> Try it: Go to the line holding "Чехол для чемодана" in the entries below and write out exactly every line down to and including the line holding "Bộ drap, áo".

> Records for processing:
◆ ◆ ◆ ◆ ◆

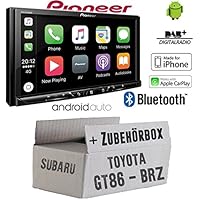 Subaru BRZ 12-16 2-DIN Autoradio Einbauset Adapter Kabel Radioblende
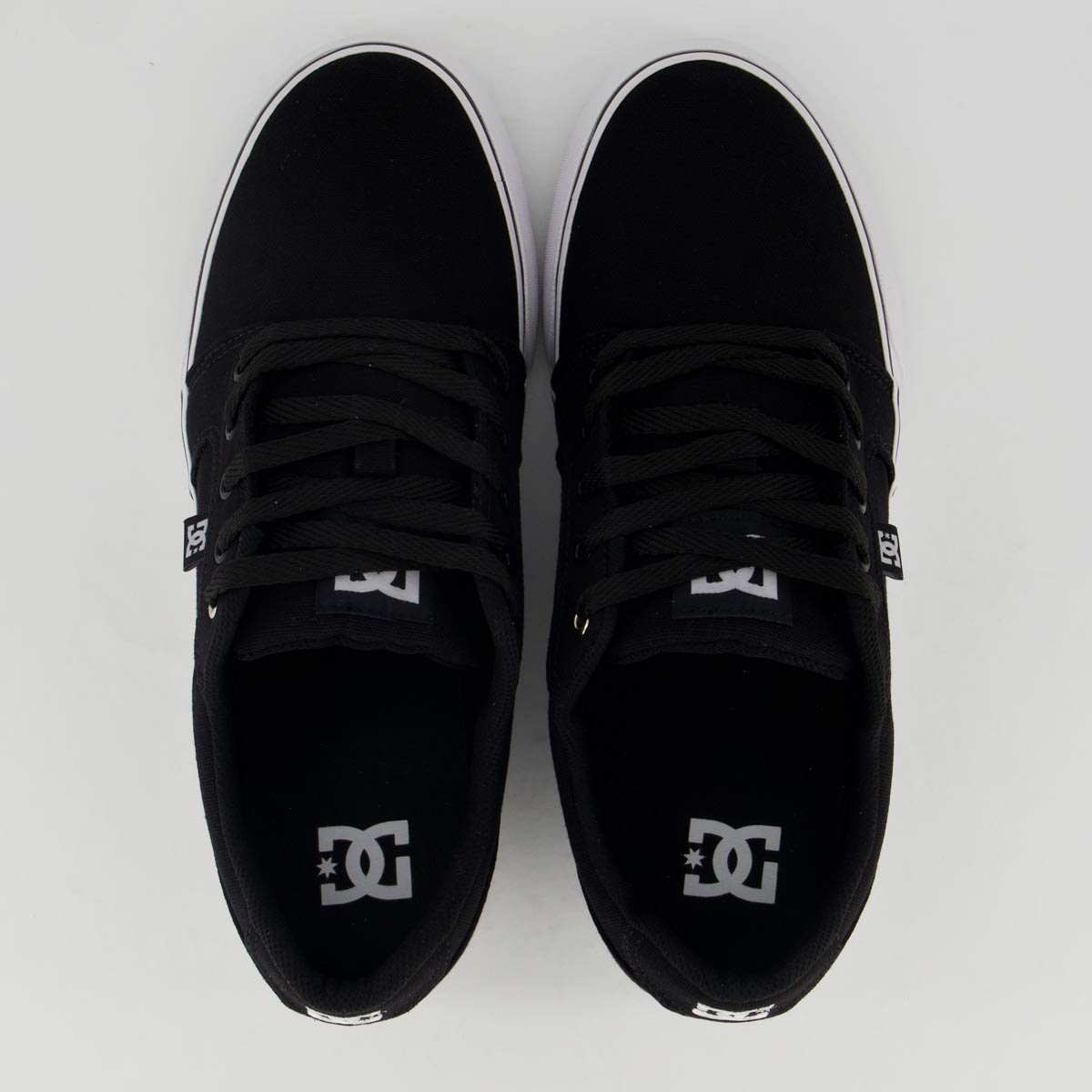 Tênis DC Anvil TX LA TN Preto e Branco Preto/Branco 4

◆ ◆ ◆ ◆ ◆

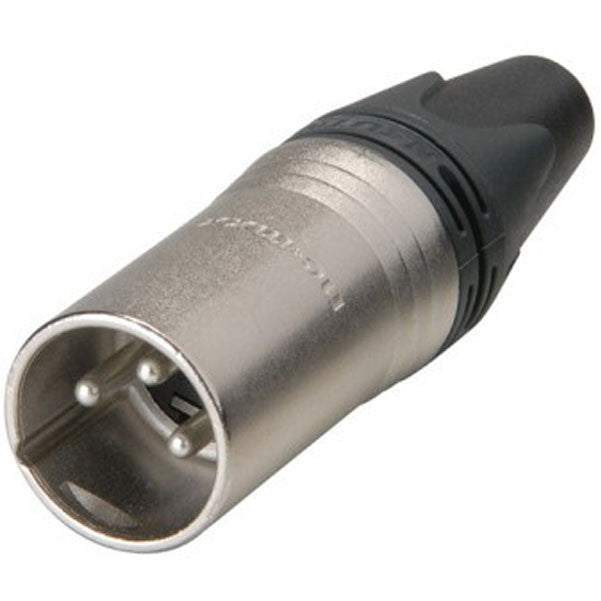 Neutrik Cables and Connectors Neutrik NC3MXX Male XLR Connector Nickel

◆ ◆ ◆ ◆ ◆

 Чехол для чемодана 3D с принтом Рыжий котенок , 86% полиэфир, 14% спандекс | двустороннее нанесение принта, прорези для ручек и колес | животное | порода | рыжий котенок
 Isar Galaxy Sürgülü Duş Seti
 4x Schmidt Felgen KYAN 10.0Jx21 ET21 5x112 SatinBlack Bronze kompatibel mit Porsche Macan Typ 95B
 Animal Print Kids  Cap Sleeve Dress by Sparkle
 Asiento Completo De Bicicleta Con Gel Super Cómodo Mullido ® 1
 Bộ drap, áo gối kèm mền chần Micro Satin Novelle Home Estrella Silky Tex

◆ ◆ ◆ ◆ ◆

> Exercise answer:
 Чехол для чемодана 3D с принтом Рыжий котенок , 86% полиэфир, 14% спандекс | двустороннее нанесение принта, прорези для ручек и колес | животное | порода | рыжий котенок
 Isar Galaxy Sürgülü Duş Seti
 4x Schmidt Felgen KYAN 10.0Jx21 ET21 5x112 SatinBlack Bronze kompatibel mit Porsche Macan Typ 95B
 Animal Print Kids  Cap Sleeve Dress by Sparkle
 Asiento Completo De Bicicleta Con Gel Super Cómodo Mullido ® 1
 Bộ drap, áo gối kèm mền chần Micro Satin Novelle Home Estrella Silky Tex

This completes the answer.